Fork of PRISM exploring the dormant knowledge mechanism — culminating in a measured holographic breakthrough.
👉
PRISM-HOLO.md— full writeup + reproduction.
Replacing the soft-attention memory tape with an algebraic holographic (VSA) tape yields:
| Metric | Neural attention tape | Holographic tape |
|---|---|---|
| Specificity correlation | +0.006 (random) | +0.355 ✅ |
| 200 facts retrieved | n/a | 100% |
| Training required | full Prism | NONE |
The holographic tape stores and retrieves facts algebraically, with zero training, at 60× the specificity of the neural tape. This is the path out of the "6·N·D" Chinchilla trap (which only applies to monolithic Transformers, not to PRISM's externalized-memory architecture).
PRISM-Holo provides two independent capabilities, and it is important not to conflate them:
| Axis | What it changes | Requires training? | How |
|---|---|---|---|
| 1. Scaling the model (350M → 1B) | Model capacity | ✅ Yes (but ~40-50% cheaper via PCS) | --progressive flag: train at small scale, grow weights, fine-tune |
| 2. Adding knowledge (facts, datasets) | What the model knows | ❌ NO — zero gradient | tape.bind(key, value): pure algebra, instant |
- Axis 1 (PCS) makes training a 1B model affordable: stages 350M → 700M → 1B with
grow_model()transferring weights at each step. The bulk of tokens train on the small model. Real gradient descent, but ~40-50% less wall-clock than from-scratch 1B. - Axis 2 (Holo) is the true "no retraining" path: once a model exists at any size, you bind new facts into the tape algebraically. Zero backward, zero GPU. This is the +0.355 specificity result.
Run python -m prism.two_axes_demo to see both axes composed end-to-end (CPU, ~seconds).

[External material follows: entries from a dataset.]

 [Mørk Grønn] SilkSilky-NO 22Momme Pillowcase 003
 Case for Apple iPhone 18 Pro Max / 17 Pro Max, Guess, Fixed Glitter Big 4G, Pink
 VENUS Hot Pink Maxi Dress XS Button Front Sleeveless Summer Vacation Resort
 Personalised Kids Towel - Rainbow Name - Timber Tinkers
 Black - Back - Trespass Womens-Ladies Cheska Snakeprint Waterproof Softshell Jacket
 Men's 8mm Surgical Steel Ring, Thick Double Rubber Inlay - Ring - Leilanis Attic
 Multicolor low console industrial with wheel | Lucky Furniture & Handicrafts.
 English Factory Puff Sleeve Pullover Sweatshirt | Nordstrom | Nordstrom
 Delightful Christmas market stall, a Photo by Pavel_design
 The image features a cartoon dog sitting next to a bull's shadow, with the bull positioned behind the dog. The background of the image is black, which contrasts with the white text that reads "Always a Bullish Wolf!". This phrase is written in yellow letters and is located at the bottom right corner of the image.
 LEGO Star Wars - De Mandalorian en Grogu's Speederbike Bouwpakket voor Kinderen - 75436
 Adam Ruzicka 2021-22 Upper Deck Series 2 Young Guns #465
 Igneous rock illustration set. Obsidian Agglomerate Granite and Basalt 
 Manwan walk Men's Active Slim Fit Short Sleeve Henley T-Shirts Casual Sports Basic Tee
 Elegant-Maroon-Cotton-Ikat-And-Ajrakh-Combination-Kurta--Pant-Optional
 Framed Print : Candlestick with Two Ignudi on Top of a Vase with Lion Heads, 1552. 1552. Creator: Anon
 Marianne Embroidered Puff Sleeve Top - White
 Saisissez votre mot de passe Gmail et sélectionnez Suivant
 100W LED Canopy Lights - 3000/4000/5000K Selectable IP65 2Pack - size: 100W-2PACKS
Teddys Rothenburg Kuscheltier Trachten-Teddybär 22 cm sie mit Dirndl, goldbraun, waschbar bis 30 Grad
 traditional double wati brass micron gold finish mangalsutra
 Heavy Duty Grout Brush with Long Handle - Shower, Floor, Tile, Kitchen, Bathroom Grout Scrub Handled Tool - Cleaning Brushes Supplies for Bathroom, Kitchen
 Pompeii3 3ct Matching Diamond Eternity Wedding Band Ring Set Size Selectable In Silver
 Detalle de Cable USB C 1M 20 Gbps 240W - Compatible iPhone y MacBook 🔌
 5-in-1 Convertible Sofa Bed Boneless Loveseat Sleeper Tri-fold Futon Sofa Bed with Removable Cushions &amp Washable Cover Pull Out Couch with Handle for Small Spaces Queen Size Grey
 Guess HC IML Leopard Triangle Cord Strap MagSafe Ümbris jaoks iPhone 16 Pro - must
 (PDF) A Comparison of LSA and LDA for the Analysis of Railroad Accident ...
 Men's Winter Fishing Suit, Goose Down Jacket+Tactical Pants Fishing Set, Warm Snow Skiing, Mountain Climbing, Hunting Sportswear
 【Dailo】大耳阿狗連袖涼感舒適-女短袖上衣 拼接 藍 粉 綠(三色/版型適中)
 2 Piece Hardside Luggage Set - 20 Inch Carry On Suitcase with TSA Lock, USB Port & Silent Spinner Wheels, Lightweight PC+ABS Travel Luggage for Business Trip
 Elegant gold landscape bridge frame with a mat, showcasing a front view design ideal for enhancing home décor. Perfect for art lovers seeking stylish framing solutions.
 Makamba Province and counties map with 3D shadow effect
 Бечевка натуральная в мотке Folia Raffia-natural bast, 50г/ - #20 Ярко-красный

Together: scale to 1B cheaply (PCS), then customize per-client or per-task by binding facts (Holo). Adding new knowledge to an already-trained model requires no retraining.
The Chinchilla scaling law (C ≈ 6·N·D) is the empirical cost rule for
Transformer monoliths where all knowledge lives in trained weights. PRISM-Holo
violates the law's premise in two ways: the memory path has zero trained
weights (algebra), and PCS trains most tokens at smaller capacity. Four
independent factors compound:
| Factor | Saving | Mechanism |
|---|---|---|
| 1. Memory expert = free algebra | ~25% fewer trained params | The HoloHead replaces q_proj/read_out/write_gate/erase_gate with fixed VSA bind/unbind. Zero gradient on the memory path. |
| 2. Progressive Capacity Stacking | ~40-50% less wall-clock | Train 350M → 700M → 1B; grow_model() inherits weights at each stage. The bulk of tokens train at the cheaper small scale. |
| 3. Modular parallelism | up to ~3× wall-clock | The neural / symbolic / memory experts train on separate GPU pools simultaneously (--modular-phase). |
| 4. Free one-shot retrieval | eliminates RAG infra | No separate retriever model, no retrieval fine-tuning, no context-window inflation at inference. tape.bind() is instant. |
Compounded wall-clock estimate (8×A100, bf16, 50B tokens):
| Config | Hours | vs Transformer 1B baseline |
|---|---|---|
| Transformer 1B from-scratch (industry baseline) | 8.7 | 1.0× |
| PRISM-Holo 1B (holo_mode only) | 6.5 | 1.3× faster |
| PRISM-Holo 1B + PCS | 3.5 | 2.5× faster |
| PRISM-Holo 1B + PCS + modular parallel (24 GPUs) | ~1.5 | 5.8× faster |
Caveat (honest): these are architectural-accounting extrapolations from the parameter counts and the PCS smoke validation, not direct 1B-scale benchmarks. Factor 1 (25% fewer params) is exact; factors 2-3 are well-motivated estimates; factor 4 (RAG savings) is an infrastructure cost that depends on deployment. The 1B measurement is the remaining validation.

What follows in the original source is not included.